● Exercise description
Go through the entries and transcribe each one exactly, dropping the pictures.

*** Opening of Extracted information ***

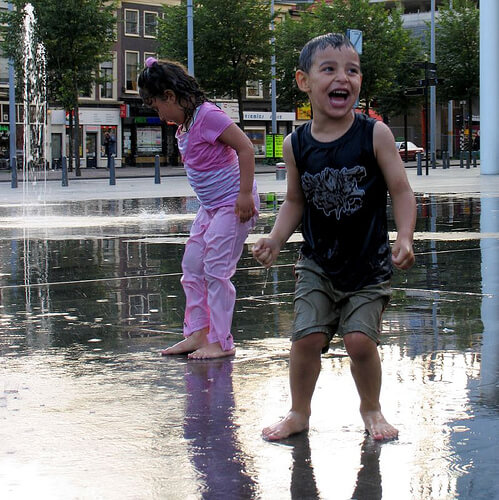 bambini-sotto-la-pioggia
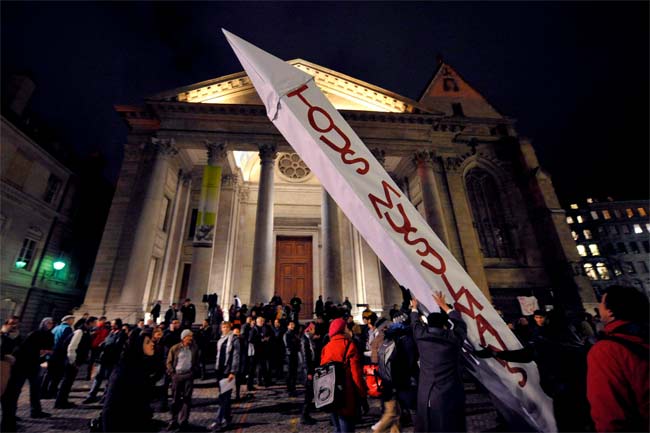 Protesta contra la prohibición de minaretes en Suiza Protesta contra la prohibición de minaretes en Suiza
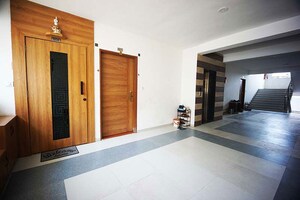 Room in 2 BHK Apartment at Nava Naroda – for Sale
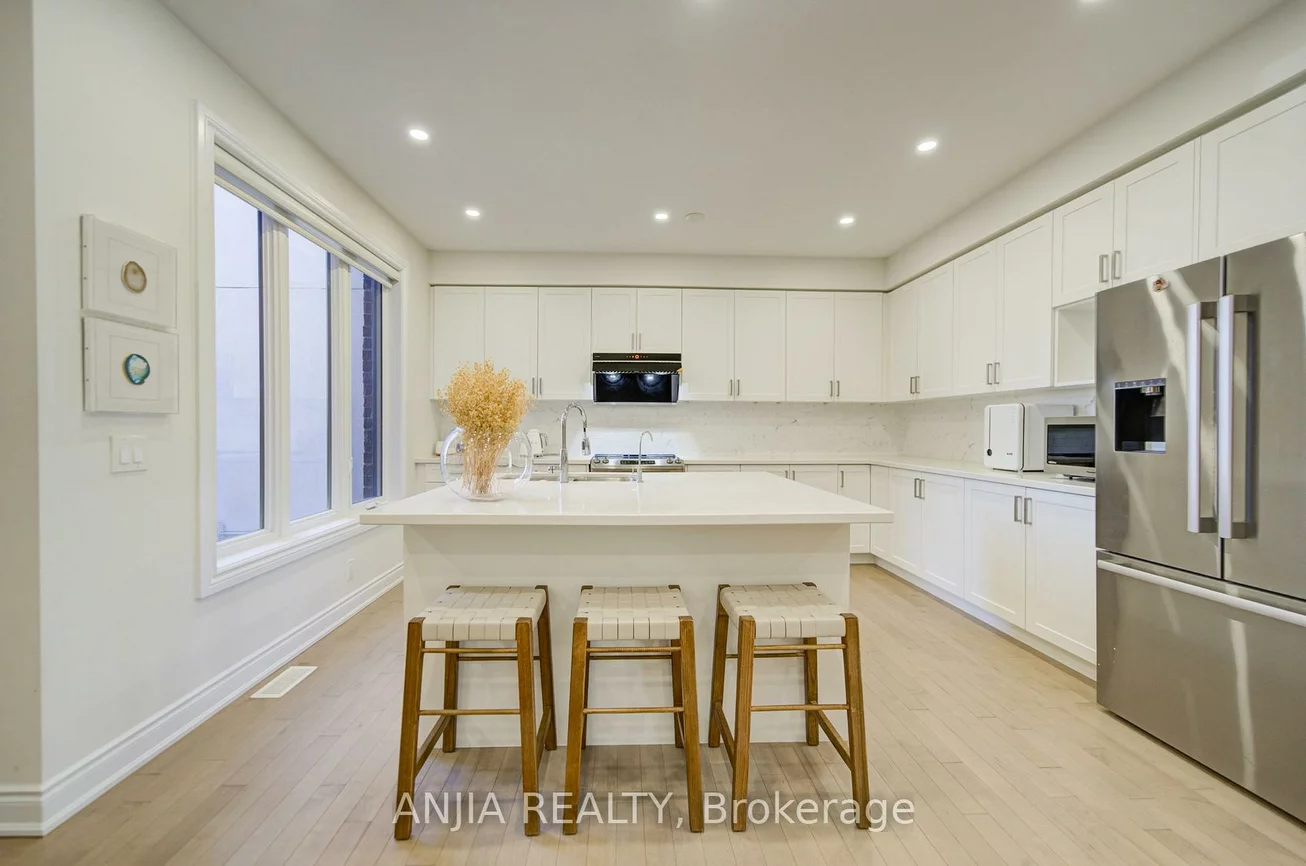 107, Guardhouse, Angus Glen, Markham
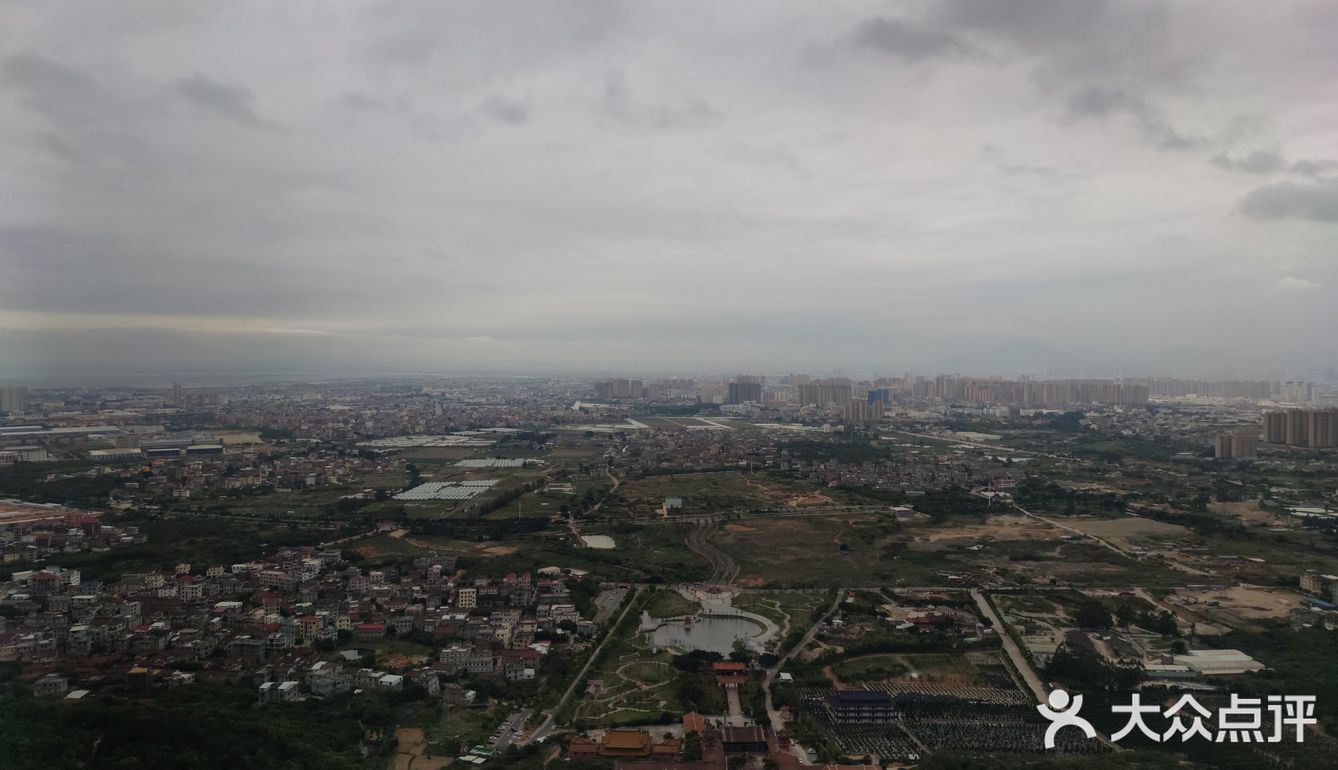 登高而望远，美不胜收，旅游不过就是看看山看看海。看看自己所在
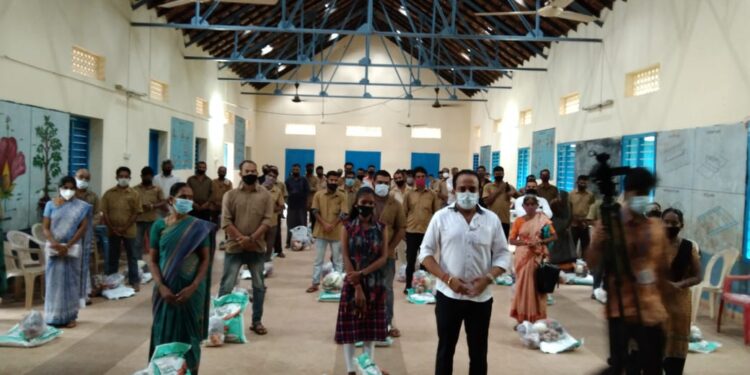 ಕೋವಿಡ್ ಸಂಕಷ್ಟದ ಸಮಯದಲ್ಲಿ ಅಶೋಕ್ ರೈ ಯವರಿಂದ ಸಹಾಯ ಹಸ್ತ; ವಿಟ್ಲ ಪೇಟೆಯ ಆಟೋ ಚಾಲಕರಿಗೆ ಮತ್ತು ಹಲವು ಬಡ ಕುಟುಂಬಗಳಿಗೆ ಅಗತ್ಯ ಆಹಾರ ಸಾಮಾಗ್ರಿಗಳ ಕಿಟ್ ವಿತರಣೆ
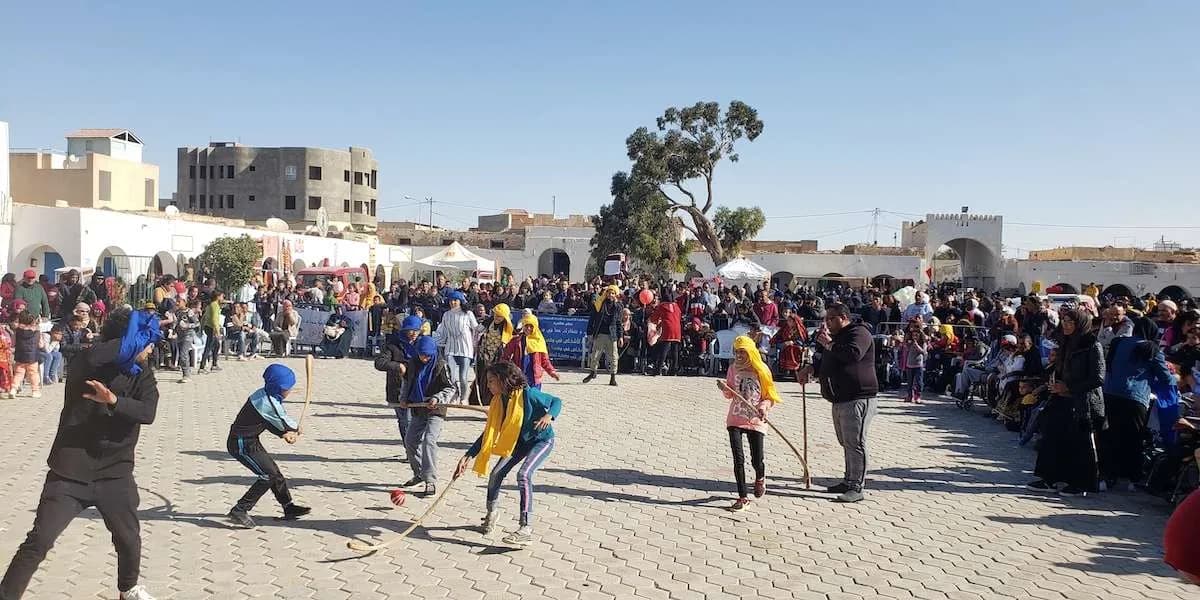 Tournoi de hockey sur sable au Festival de Douz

*** Close of Extracted information ***

● Reply
 bambini-sotto-la-pioggia
 Protesta contra la prohibición de minaretes en Suiza Protesta contra la prohibición de minaretes en Suiza
 Room in 2 BHK Apartment at Nava Naroda – for Sale
 107, Guardhouse, Angus Glen, Markham
 登高而望远，美不胜收，旅游不过就是看看山看看海。看看自己所在
 ಕೋವಿಡ್ ಸಂಕಷ್ಟದ ಸಮಯದಲ್ಲಿ ಅಶೋಕ್ ರೈ ಯವರಿಂದ ಸಹಾಯ ಹಸ್ತ; ವಿಟ್ಲ ಪೇಟೆಯ ಆಟೋ ಚಾಲಕರಿಗೆ ಮತ್ತು ಹಲವು ಬಡ ಕುಟುಂಬಗಳಿಗೆ ಅಗತ್ಯ ಆಹಾರ ಸಾಮಾಗ್ರಿಗಳ ಕಿಟ್ ವಿತರಣೆ
 Tournoi de hockey sur sable au Festival de Douz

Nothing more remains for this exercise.